К этой идее все относятся с полным одобрением, пониманием важности задач, решаемых подобным органом, многие – с энтузиазмом. Правда, до тех пор, пока не возьмут в руки карандаш. Приведем вслед за Г.М. Баренбоймом и А.Г. Маленковым несколько цифр, характеризующих масштабы трудностей, связанных с повальным и всесторонним испытанием новых соединений. Возьмем только те испытания, которые необходимо выполнить на лабораторных животных. Пусть проверяется 100 типов биологической активности (цифра вовсе не чрезмерная). В каждом случае нужно испытать как минимум три концентрации, причем каждую на группе хотя бы в 10 животных. Перемножая эти цифры, получаем: три тысячи животных на одно вещество! Пример но половину из этого количества должны составить мыши (вес одной мыши – около 25 граммов), треть – белые крысы весом уже 250 граммов каждая, остальные поровну морские свинки (350 граммов) и кролики (2500 граммов). Таким образом, на испытание одного соединения нужно более тонны лабораторных животных!
Можно только вообразить себе, какое негодование подобные расчеты вызывают у упоминавшихся организованных друзей животных; а ведь эту тонну еще предстоит умножить на несколько сот тысяч – количество ежегодно синтезируемых веществ.
Правда, непосредственных оснований для беспокойства у выше поименованных друзей пока нет, ни в одной стране мира подобная служба не существует. И вовсе не по одним только соображениям милосердия.
Дорого это все непомерно, чаще всего – намного дороже самой работы по созданию нового вещества. Даже если подумать только о стоимости этой тонны лабораторных животных: килограмм живого их веса – живого веса существ, часто изнеженных, прихотливых и переборчивых в еде, – стоит намного дороже, чем килограмм лучшей говядины или свинины. Вот уже многие тысячи. или даже десятки тысяч рублей. Квалифицированный экспериментатор берет в опыт ежедневно от нескольких штук до нескольких десятков животных, значит, для реализации работы с одним веществом понадобится сотни человеко-дней. Да эксплуатация аппаратуры (часто очень недешевой), да реактивы...
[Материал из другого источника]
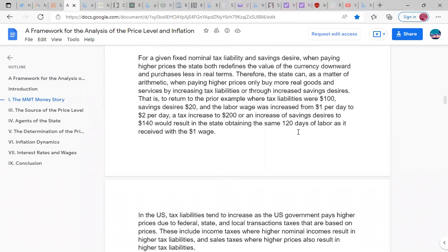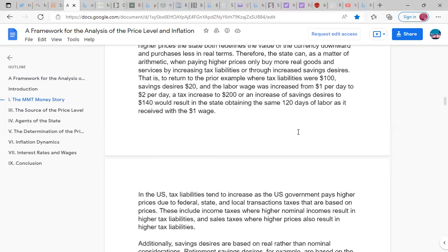For a given fixed nominal tax liability and savings desire, when paying higher prices the state both redefines the value of the currency downward and purchases less in real terms. Therefore the state can, as a matter of arithmetic, when paying higher prices only buy more real goods and services by increasing tax liability or through increased savings desires. To return to the prior example — tax liabilities 100, savings desires 20, and the labor wage increased from one dollar per day to two dollars per day — a tax increase to 200 or an increase of savings desires to 140 would result in the state obtaining the same 120 days of labor as achieved with the one dollar wage.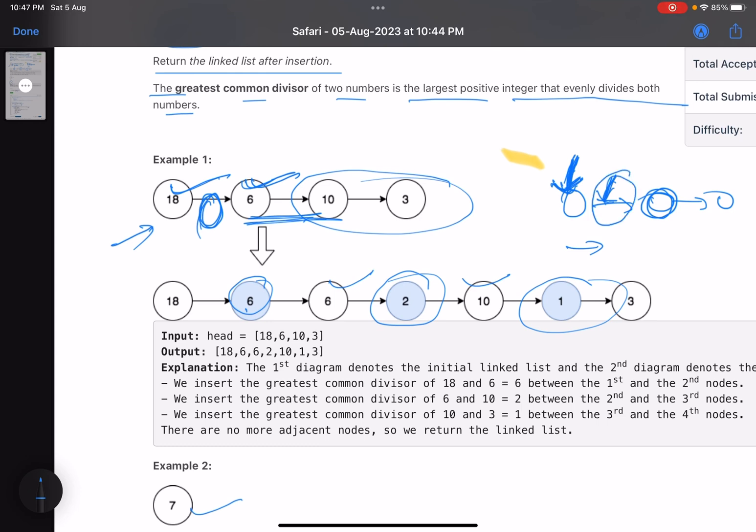So that means if this is temp, so I am dependent on temp value and temp.next value. Okay, so temp.next should not be null.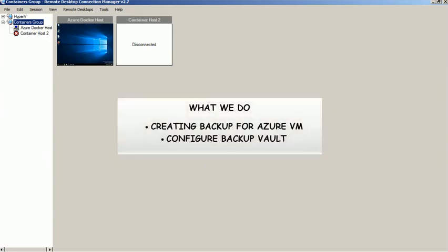In this video we will show you the steps to create and configure the Azure Backup through Recovery Services Vault.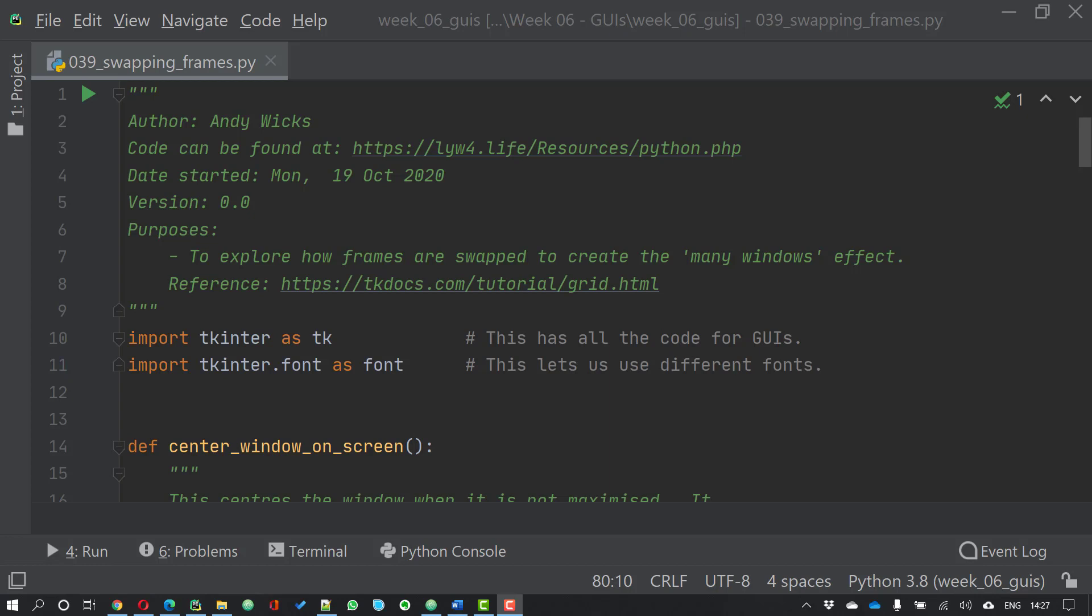A frame is a widget like any other widget and can be added to root. However, this widget is used to hold other widgets and can become a separate user interface. Each frame is then made to fill root.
Это с одной только стороны. С другой – чаще всего вновь синтезируемые вещества получаются в ничтожных количествах в результате очень сложных, времяемких и дорогостоящих экспериментальных процедур. Пусть наивысшая испытуемая доза – 10 миллиграммов на килограмм веса животного (эта цифра скорее занижена, при испытании большинства соединений приходится применять гораздо более высокие дозы). Тем самым для всей серии испытаний потребуется 10 граммов; большинство химиков – авторов новых синтезов – лишь в ужасе возденут руки, услышав эту цифру.
При этом надо иметь в виду, что положившее начало нашим рассуждениям предположение о необходимости испытания именно ста различных проявлений биологической активности – совершенно произвольно. Эта цифра наверняка занижена, даже если речь идет только о тестах на млекопитающих. А ведь еще необходимо проверить действие нового вещества на растения, на микроорганизмы, да и на животных других классов – рыб, насекомых, простейших и т.д.